For a simple SQL statement like this, an optimal result will appear within a minute. You will find that intermediate solutions also appear on the Search Progress screen from time to time. On the Search Progress chart four lines are plotted representing Cost, CPU Cost, IO Cost and Elapsed Time. Normally these four lines will continue dropping along the time axis in a step down manner. It is telling you the latest recommendation’s estimated resource consumption reduction (improvement). Our AI algorithm will continue the search for a better indexing solution until you press the Stop button or your pre-defined stop criteria are met in the Advanced Process Control options. A bar chart on the left hand side of the Search Progress panel shows the estimated improvement for the latest solution.

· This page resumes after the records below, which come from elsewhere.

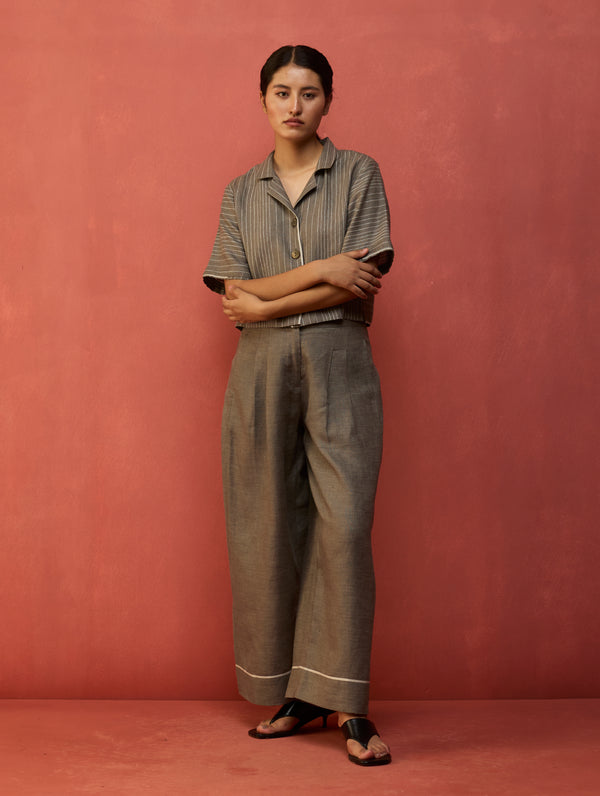 Mekko Pleated Linen Trousers - Grey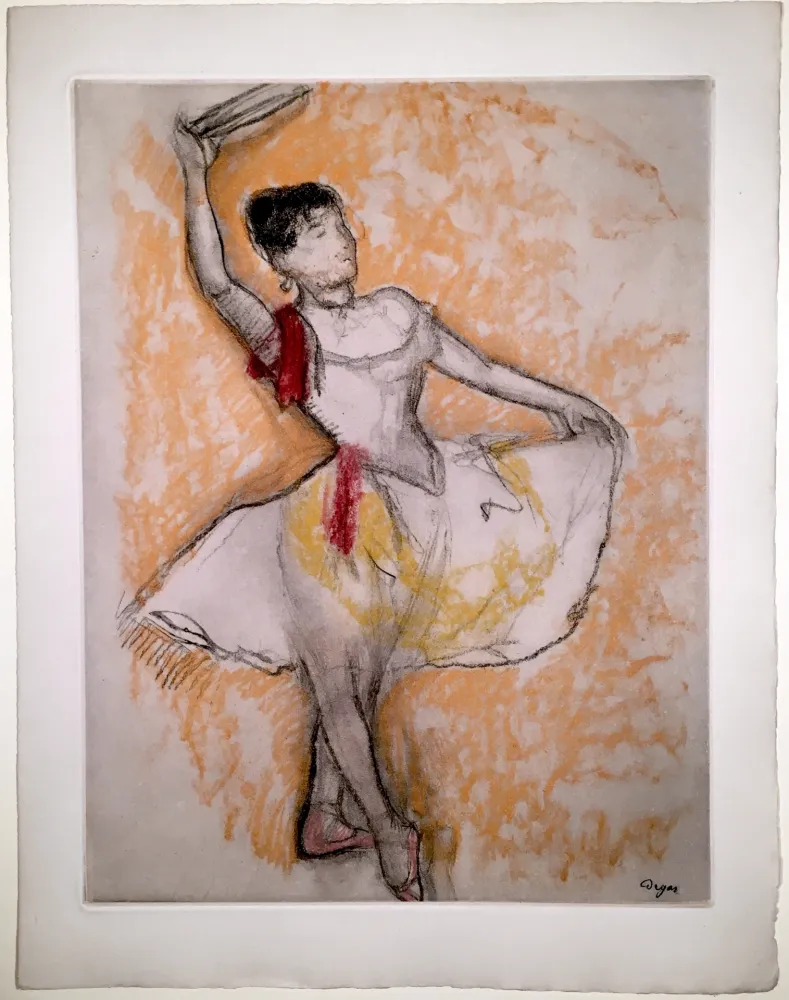 Radierung Und Aquatinta Degas - Danseuse au tambourin (1882)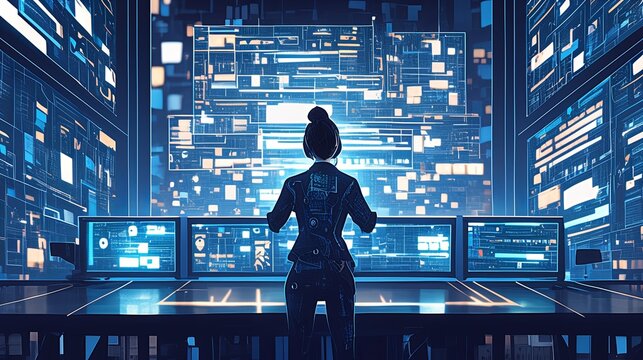 A lone figure operates systems in a futuristic control room, surrounded by screens displaying complex digital data.
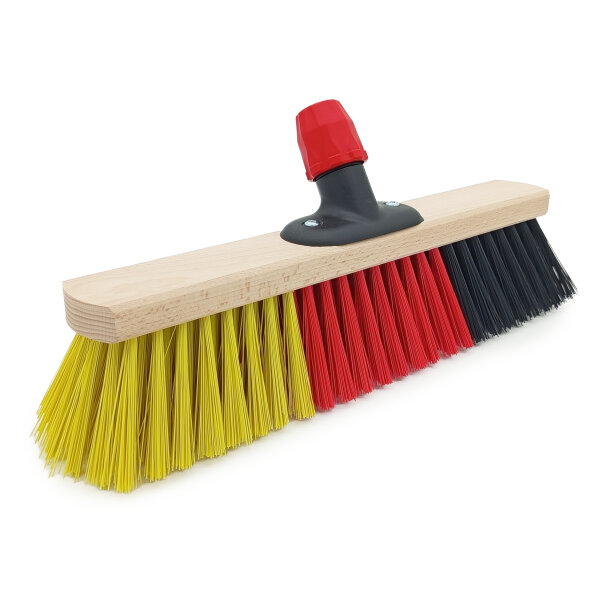 Saalbesen, 400 mm, "Deutschland", PET schwarz / rot / gelb, Universalstielhalter mit Überwurfmutter Ø 24 mm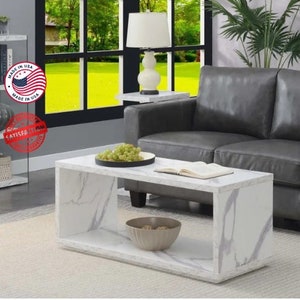 Faux marble block coffee table store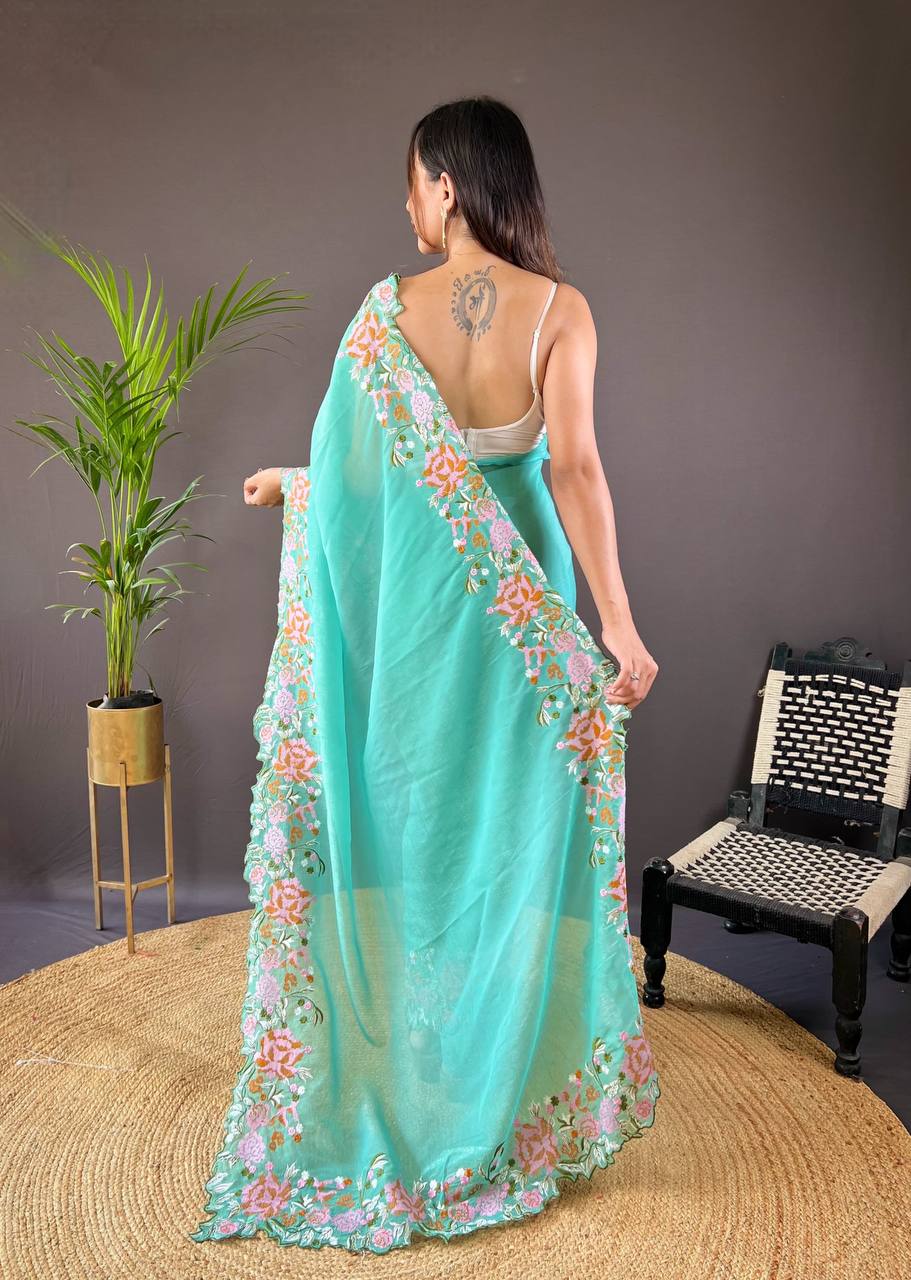 Designer Cross Stitch Floral Embroidery Cut Work Border Sky Blue Glossy Silk Saree With Blouse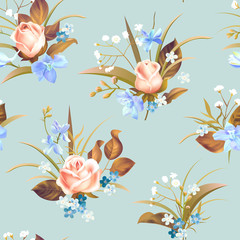 Seamless pattern with roses and spring flowers. Vector illustration.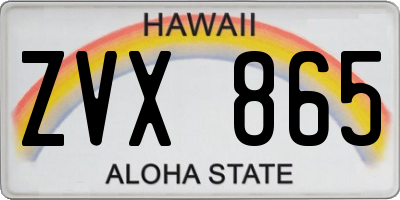 HI license plate ZVX865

The Most Sophisticated Index Solutions
I am intentionally using this particular SQL to elaborate our AI engine problem solving ability. You will find that the first solution generated in the first few seconds provides a cost reduction of 53.35%, IO cost reduction of 53.56%, and elapsed time reduction of 53.03%. But this solution also increases the CPU cost by 6.01%.
Let’s take a closer look at this first possible indexing solution. Our algorithm recommended two bitmap indexes which are EMP_NAME and EMP_SEX. It looks reasonable and the cost dropped from the original plan's 5,477 to the new plan's 2,555. But due to the introduction of extra Bitmap Conversion and Hash Join operations in the new plan, the overall CPU cost has increased. So you can see that index recommendation is not as simple as just making use of an index or not, you have to consider whether all the resources being impacted is good for your database if you select this solution.
Now let me explore the second solution that was generated around 20 seconds after starting the search process. In this solution, the estimated resource consumption is reduced significantly. One interesting finding is that this solution’s CPU Cost reduction is the best among all three solutions since the recommended composite index (EMP_SEX,EMP_SALARY) causes the database SQL optimizer to use simple “Table Access by Index Rowid” and “Index Range Scan” operations. If we used CPU Cost as our Primary search goal, the search process would probably not make any further recommendations no matter how long you were willing to wait.
The third and the best solution was generated around 30 seconds after the search process started. You can see the solution presented in the following screen captures. It is a good and reasonable solution for the SQL statement looking for the best estimated Cost reduction. Although there is some sacrifice on CPU cost, this solution provides a better IO Cost reduction than solution 2.
It is easy to overlook the complexity of performing index optimization and I hope you will now have a better understanding of indexing strategy through this example. If there was no such tool in the market, you may never know how many choices you have when selecting index optimization solutions for even one SQL statement. My next blog will discuss optimizing indexing for many SQL statements.